# Introduction to PyDub

**Purpose.** Why PyDub matters in an ASR pipeline.

| Component          | Role                         | Why it matters                                                                   |
| ------------------ | ---------------------------- | -------------------------------------------------------------------------------- |
| PyDub              | Audio manipulation in Python | One class (`AudioSegment`) to load, inspect, edit, and export audio consistently |
| Consistent formats | Normalize inputs             | Transcription APIs expect specific sample rate, width, channels, and container   |
| ffmpeg             | Codec backend                | Enables non-WAV formats (e.g., MP3, M4A, FLAC)                                   |

**Setup.** How to install and enable codecs.

| Step                  | Command             | Note                          |
| --------------------- | ------------------- | ----------------------------- |
| Install PyDub         | `pip install pydub` | Pure Python wrapper           |
| Enable non-WAV codecs | Install ffmpeg      | Required for MP3/M4A/FLAC I/O |
| WAV-only usage        | none                | Works out of the box          |

**Main abstraction.** `AudioSegment` is the workhorse.

| Task           | Method                   | Required args                            | Notes                                                       |
| -------------- | ------------------------ | ---------------------------------------- | ----------------------------------------------------------- |
| Load from file | `AudioSegment.from_file` | `file` (path), optional `format`         | Format inferred from extension if present                   |
| Play audio     | `pydub.playback.play`    | `AudioSegment`                           | Needs `simpleaudio` or `pyaudio` for WAV; ffmpeg for others |
| Export         | `segment.export`         | `out_f`, optional `format`, `parameters` | Write WAV/MP3/M4A, etc.                                     |

**Playback dependencies.** What you need to hear audio.

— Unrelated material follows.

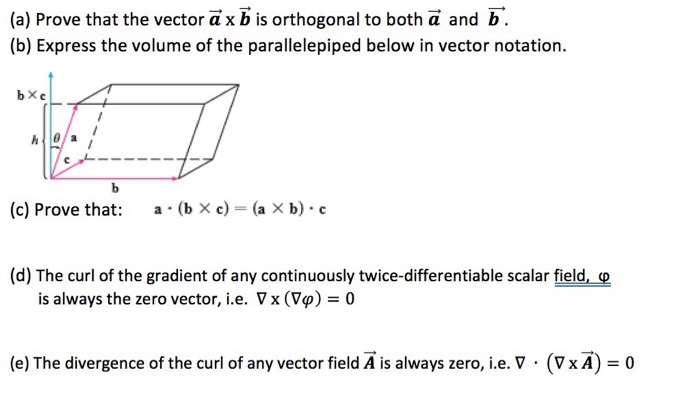 Solved (a) Prove That The Vector A X B Is Orthogonal To Both | Chegg.com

| Format       | Dependency                 | Install hint                                    |
| ------------ | -------------------------- | ----------------------------------------------- |
| WAV          | `simpleaudio` or `pyaudio` | `pip install simpleaudio`                       |
| MP3/M4A/FLAC | ffmpeg                     | Get binaries from ffmpeg.org or package manager |

**Introspection.** Inspect key audio parameters from an `AudioSegment`.

| Attribute/function | Meaning                        | Typical values           |
| ------------------ | ------------------------------ | ------------------------ |
| `channels`         | 1=mono, 2=stereo               | 1 or 2                   |
| `frame_rate`       | Sampling rate in Hz            | 8k–48k                   |
| `sample_width`     | Bytes per sample               | 1=8-bit, 2=16-bit        |
| `max`              | Max amplitude (loudest sample) | For normalization checks |
| `len(segment)`     | Duration in ms                 | e.g., 2000 for 2 s       |

**Normalization tools.** Set parameters to API-friendly targets.

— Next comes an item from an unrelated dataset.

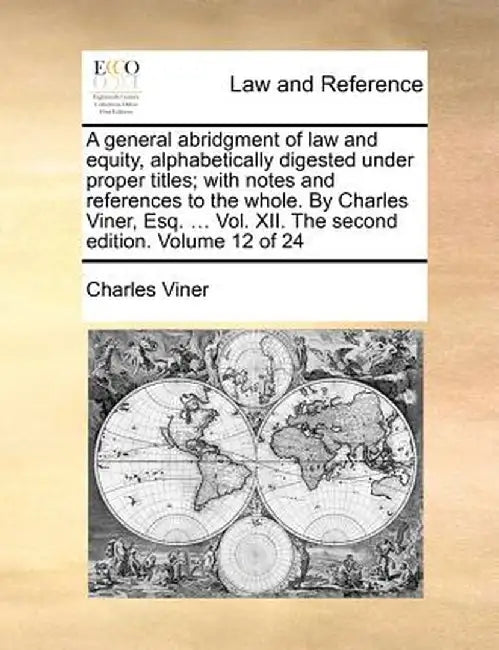 A General Abridgment of Law and Equity, Alphabetically Digested Under Proper Titles; With Notes and References to the Whole. by Charles Viner, Esq. .. by Charles Viner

| Goal         | PyDub method                         | Example target                |
| ------------ | ------------------------------------ | ----------------------------- |
| Sample width | `set_sample_width`                   | 2 bytes (16-bit PCM)          |
| Sample rate  | `set_frame_rate`                     | ≥16,000 Hz (often 16 kHz)     |
| Channels     | `set_channels`                       | 1 (mono)                      |
| Loudness     | scale by ratio or normalize by `max` | Keep headroom, avoid clipping |

**Minimal I/O.** Load, check, normalize, play, and export for ASR.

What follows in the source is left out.